Nothing but the text of the listing, repeated exactly, belongs in the answer; leave the images out.

DATA PROVIDED:
_ _ _ _ _ _ _

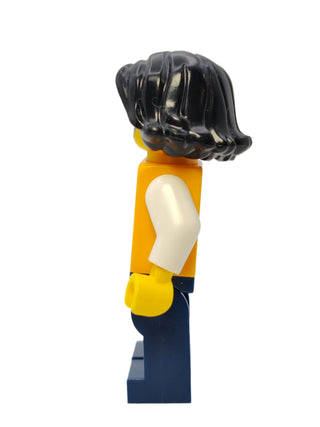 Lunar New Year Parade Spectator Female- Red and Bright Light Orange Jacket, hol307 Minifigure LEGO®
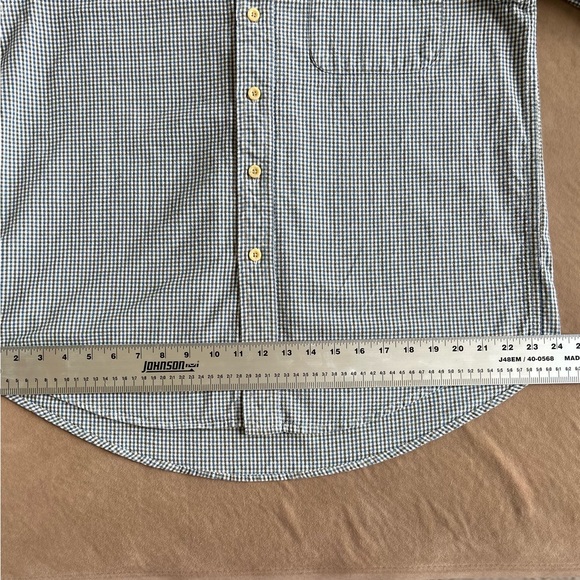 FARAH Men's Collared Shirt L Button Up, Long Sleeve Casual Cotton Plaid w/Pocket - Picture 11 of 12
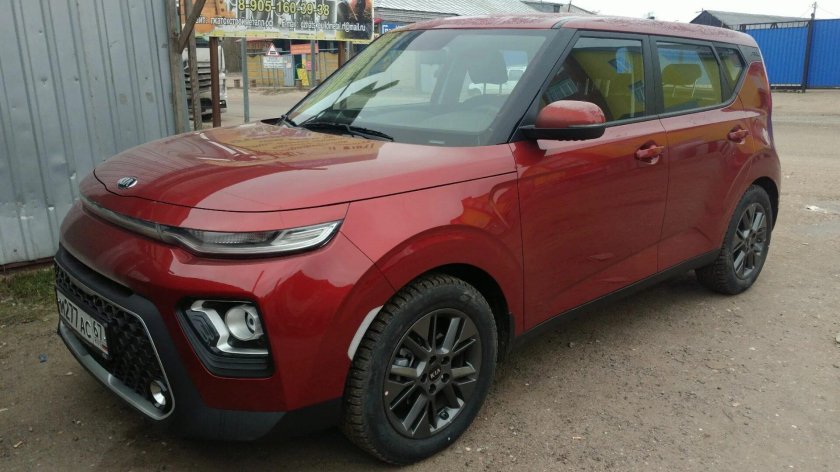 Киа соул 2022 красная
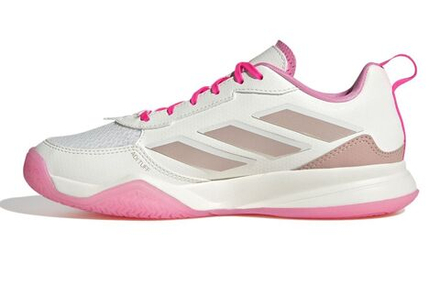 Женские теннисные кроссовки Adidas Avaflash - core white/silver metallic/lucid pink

_ _ _ _ _ _ _

EXPECTED ANSWER:
 Lunar New Year Parade Spectator Female- Red and Bright Light Orange Jacket, hol307 Minifigure LEGO®
 FARAH Men's Collared Shirt L Button Up, Long Sleeve Casual Cotton Plaid w/Pocket - Picture 11 of 12
 Киа соул 2022 красная
 Женские теннисные кроссовки Adidas Avaflash - core white/silver metallic/lucid pink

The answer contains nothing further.